● **Exercise inputs**
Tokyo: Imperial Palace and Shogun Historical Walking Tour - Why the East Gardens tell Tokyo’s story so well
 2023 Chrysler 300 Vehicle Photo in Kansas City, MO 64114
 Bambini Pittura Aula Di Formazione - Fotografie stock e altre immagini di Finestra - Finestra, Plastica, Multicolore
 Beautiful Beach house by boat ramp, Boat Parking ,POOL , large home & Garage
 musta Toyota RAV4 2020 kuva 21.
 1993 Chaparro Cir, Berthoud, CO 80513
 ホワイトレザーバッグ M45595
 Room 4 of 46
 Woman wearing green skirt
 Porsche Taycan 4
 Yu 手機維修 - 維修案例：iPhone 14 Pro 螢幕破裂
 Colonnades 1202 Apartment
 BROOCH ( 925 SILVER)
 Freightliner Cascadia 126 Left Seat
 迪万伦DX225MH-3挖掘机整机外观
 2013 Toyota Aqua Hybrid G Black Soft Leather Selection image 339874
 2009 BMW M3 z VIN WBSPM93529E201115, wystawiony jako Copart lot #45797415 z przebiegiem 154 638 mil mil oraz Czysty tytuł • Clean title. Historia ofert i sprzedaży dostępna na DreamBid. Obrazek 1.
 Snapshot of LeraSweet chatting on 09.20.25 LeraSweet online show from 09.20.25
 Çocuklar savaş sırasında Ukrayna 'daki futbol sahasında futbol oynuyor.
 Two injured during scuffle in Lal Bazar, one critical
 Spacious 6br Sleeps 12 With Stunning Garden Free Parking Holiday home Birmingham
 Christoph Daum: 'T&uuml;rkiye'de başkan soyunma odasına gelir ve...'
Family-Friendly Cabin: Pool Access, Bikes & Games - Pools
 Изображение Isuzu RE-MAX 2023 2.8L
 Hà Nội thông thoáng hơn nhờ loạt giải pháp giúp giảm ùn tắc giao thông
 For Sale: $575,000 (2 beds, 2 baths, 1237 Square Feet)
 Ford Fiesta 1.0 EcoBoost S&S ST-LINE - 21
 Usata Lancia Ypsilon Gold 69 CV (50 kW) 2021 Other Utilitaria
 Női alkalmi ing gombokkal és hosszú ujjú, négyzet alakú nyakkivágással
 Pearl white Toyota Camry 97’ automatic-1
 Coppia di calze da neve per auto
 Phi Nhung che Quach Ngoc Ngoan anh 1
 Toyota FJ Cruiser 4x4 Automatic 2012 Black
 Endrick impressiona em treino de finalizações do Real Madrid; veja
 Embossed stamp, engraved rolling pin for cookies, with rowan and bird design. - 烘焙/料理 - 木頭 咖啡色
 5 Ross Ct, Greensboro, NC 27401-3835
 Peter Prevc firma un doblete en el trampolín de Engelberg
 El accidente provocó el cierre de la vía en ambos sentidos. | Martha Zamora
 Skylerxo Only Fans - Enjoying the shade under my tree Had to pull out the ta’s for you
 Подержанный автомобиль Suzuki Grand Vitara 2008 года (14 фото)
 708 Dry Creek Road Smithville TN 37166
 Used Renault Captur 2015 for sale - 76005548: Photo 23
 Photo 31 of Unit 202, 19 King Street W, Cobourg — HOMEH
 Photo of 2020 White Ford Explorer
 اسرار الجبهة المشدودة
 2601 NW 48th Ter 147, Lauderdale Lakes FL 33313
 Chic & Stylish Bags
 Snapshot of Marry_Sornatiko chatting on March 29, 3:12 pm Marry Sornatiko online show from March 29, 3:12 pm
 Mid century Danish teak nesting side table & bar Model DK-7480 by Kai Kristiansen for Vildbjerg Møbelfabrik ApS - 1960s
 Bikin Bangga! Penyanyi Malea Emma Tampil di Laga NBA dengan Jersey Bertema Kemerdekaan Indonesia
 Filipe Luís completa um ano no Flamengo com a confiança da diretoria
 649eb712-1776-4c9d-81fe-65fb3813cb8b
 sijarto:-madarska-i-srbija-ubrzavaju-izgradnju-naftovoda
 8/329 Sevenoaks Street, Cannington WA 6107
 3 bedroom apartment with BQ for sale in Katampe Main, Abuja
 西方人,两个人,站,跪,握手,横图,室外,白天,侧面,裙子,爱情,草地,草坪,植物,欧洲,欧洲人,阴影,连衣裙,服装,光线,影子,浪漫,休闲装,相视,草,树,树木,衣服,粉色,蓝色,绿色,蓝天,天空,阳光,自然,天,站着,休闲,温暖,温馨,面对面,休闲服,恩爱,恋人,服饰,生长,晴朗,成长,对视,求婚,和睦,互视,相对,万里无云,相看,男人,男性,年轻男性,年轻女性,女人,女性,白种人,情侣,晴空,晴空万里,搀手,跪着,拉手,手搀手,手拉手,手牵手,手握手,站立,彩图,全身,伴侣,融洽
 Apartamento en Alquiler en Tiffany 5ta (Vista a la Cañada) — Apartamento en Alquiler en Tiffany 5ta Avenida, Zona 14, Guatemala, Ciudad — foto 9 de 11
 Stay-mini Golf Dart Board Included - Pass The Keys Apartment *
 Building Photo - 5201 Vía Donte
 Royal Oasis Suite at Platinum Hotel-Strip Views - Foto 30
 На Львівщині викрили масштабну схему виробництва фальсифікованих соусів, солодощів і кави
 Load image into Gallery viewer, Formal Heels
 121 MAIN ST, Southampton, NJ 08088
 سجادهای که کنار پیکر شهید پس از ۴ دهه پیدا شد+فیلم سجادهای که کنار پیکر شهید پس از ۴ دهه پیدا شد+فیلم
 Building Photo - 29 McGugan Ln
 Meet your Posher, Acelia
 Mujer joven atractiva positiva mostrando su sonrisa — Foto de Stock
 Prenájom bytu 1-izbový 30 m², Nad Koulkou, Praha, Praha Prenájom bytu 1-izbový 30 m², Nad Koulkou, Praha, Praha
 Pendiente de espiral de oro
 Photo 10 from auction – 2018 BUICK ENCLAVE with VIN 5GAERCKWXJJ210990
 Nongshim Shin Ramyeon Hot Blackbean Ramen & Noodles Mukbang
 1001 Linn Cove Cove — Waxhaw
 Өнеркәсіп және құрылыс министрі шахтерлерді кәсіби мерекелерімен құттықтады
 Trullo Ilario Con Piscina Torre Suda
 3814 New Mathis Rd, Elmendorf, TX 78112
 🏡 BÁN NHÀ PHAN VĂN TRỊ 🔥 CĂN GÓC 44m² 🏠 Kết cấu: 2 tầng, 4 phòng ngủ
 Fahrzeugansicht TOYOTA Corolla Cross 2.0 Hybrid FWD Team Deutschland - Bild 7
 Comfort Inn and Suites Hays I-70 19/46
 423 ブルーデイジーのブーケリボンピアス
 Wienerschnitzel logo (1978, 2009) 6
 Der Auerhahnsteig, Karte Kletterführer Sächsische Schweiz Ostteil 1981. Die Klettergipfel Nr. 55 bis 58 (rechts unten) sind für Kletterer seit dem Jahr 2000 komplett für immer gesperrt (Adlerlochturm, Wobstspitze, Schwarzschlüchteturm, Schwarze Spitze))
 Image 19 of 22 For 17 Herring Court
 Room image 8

● **About this exercise**
A faithful copy of the lines from the line containing "Өнеркәсіп және құрылыс" to the end of the data should be set down, both ends included, and nothing more.

● **Exercise response**
 Өнеркәсіп және құрылыс министрі шахтерлерді кәсіби мерекелерімен құттықтады
 Trullo Ilario Con Piscina Torre Suda
 3814 New Mathis Rd, Elmendorf, TX 78112
 🏡 BÁN NHÀ PHAN VĂN TRỊ 🔥 CĂN GÓC 44m² 🏠 Kết cấu: 2 tầng, 4 phòng ngủ
 Fahrzeugansicht TOYOTA Corolla Cross 2.0 Hybrid FWD Team Deutschland - Bild 7
 Comfort Inn and Suites Hays I-70 19/46
 423 ブルーデイジーのブーケリボンピアス
 Wienerschnitzel logo (1978, 2009) 6
 Der Auerhahnsteig, Karte Kletterführer Sächsische Schweiz Ostteil 1981. Die Klettergipfel Nr. 55 bis 58 (rechts unten) sind für Kletterer seit dem Jahr 2000 komplett für immer gesperrt (Adlerlochturm, Wobstspitze, Schwarzschlüchteturm, Schwarze Spitze))
 Image 19 of 22 For 17 Herring Court
 Room image 8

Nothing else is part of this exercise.